> PROBLEM DESCRIPTION
All that should come back is the lines of the data below from the one containing "Berba Laguna shopper croco white 805-313" to the one containing "Mold T HKHBJS", inclusive, exactly as they stand.

(Saved entries)
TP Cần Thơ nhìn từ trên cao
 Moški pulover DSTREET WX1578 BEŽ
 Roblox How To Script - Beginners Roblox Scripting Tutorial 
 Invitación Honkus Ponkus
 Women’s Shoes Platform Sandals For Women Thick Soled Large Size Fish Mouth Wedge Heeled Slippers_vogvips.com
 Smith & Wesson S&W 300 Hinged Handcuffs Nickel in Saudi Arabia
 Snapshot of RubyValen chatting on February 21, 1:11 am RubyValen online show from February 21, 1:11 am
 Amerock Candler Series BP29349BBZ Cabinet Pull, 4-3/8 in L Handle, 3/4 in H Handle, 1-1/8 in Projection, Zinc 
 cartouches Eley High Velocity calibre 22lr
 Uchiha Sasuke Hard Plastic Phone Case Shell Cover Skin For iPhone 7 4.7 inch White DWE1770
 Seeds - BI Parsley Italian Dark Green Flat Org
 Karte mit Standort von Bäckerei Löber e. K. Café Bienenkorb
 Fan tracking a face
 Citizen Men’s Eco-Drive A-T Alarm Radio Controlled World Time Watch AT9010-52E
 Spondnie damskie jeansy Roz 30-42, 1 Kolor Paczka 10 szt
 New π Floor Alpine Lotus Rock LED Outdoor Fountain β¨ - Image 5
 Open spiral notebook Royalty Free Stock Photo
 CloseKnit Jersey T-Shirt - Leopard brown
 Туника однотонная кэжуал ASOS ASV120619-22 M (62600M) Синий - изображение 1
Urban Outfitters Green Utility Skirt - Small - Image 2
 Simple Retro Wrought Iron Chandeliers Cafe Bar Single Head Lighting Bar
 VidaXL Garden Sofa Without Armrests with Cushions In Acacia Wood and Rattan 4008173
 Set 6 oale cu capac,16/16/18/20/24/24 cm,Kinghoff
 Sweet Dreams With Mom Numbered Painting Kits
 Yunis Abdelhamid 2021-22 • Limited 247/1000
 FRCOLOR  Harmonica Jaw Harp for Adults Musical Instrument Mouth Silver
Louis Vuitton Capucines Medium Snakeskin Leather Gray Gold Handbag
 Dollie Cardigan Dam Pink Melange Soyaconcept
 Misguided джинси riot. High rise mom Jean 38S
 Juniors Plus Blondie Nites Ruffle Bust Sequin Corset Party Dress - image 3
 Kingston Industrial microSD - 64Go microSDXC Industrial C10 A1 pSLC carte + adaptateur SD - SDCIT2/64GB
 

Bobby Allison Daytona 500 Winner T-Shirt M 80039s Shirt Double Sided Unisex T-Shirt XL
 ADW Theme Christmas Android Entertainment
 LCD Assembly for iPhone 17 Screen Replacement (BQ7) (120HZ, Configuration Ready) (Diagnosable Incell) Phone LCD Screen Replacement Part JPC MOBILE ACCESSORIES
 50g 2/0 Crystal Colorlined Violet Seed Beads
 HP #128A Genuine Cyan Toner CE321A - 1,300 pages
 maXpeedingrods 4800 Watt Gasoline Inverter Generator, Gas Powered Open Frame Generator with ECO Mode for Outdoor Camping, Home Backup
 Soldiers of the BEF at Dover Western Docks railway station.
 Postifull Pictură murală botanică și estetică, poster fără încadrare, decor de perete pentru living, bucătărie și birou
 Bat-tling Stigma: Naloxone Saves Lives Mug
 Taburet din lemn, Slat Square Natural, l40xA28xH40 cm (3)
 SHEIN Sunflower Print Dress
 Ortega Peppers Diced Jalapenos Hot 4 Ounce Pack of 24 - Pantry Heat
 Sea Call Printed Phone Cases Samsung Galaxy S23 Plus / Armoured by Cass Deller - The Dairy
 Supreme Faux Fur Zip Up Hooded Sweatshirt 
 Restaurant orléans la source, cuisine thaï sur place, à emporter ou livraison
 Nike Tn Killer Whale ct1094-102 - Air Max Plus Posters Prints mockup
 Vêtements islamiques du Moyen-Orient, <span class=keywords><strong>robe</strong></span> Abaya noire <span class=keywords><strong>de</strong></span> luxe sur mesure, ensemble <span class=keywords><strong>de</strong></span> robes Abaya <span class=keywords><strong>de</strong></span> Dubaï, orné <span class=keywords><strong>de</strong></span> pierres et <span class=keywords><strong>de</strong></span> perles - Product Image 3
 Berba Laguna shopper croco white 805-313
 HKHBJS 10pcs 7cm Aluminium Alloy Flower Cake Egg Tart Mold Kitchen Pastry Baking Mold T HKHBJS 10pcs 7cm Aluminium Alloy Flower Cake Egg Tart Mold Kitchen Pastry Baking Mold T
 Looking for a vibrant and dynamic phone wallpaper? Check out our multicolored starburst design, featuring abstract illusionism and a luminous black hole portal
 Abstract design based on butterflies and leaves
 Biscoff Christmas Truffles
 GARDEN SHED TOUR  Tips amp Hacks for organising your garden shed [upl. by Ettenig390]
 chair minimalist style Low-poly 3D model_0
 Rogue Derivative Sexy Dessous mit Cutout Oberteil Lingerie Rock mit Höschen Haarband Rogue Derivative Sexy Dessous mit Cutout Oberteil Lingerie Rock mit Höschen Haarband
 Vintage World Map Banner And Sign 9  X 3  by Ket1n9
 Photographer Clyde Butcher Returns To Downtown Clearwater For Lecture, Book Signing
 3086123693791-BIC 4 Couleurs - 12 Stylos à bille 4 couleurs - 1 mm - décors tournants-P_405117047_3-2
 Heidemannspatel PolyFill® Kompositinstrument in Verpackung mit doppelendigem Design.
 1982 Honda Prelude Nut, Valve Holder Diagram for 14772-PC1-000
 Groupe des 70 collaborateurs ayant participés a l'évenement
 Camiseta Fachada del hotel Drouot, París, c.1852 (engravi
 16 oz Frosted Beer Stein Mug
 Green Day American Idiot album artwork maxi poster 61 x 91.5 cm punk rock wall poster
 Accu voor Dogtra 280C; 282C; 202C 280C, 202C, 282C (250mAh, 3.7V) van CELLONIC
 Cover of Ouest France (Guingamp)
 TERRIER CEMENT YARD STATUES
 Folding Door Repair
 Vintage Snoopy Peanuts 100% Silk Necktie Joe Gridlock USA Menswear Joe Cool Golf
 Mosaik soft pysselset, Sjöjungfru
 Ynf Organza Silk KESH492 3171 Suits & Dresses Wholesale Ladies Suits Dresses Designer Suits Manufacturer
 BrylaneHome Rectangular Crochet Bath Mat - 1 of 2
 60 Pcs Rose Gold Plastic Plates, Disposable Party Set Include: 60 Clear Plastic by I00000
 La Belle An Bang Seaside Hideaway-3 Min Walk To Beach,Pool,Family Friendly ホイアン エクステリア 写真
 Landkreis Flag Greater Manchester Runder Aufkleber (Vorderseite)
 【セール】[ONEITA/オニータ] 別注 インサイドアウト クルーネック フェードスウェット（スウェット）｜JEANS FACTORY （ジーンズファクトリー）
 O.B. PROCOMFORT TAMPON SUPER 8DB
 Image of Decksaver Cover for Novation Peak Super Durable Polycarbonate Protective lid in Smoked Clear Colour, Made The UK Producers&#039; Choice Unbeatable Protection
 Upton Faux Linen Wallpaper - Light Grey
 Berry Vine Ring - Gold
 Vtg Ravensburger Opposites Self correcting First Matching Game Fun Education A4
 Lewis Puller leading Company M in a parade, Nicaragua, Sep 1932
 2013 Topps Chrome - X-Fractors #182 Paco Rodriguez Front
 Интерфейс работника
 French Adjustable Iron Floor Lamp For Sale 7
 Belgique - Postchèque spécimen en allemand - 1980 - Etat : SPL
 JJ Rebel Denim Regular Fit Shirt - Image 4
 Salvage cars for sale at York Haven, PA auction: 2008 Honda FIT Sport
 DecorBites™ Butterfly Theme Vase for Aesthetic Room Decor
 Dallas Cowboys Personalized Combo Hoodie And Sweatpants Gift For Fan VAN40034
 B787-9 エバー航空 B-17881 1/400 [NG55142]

> EXPECTED ANSWER
 Berba Laguna shopper croco white 805-313
 HKHBJS 10pcs 7cm Aluminium Alloy Flower Cake Egg Tart Mold Kitchen Pastry Baking Mold T HKHBJS 10pcs 7cm Aluminium Alloy Flower Cake Egg Tart Mold Kitchen Pastry Baking Mold T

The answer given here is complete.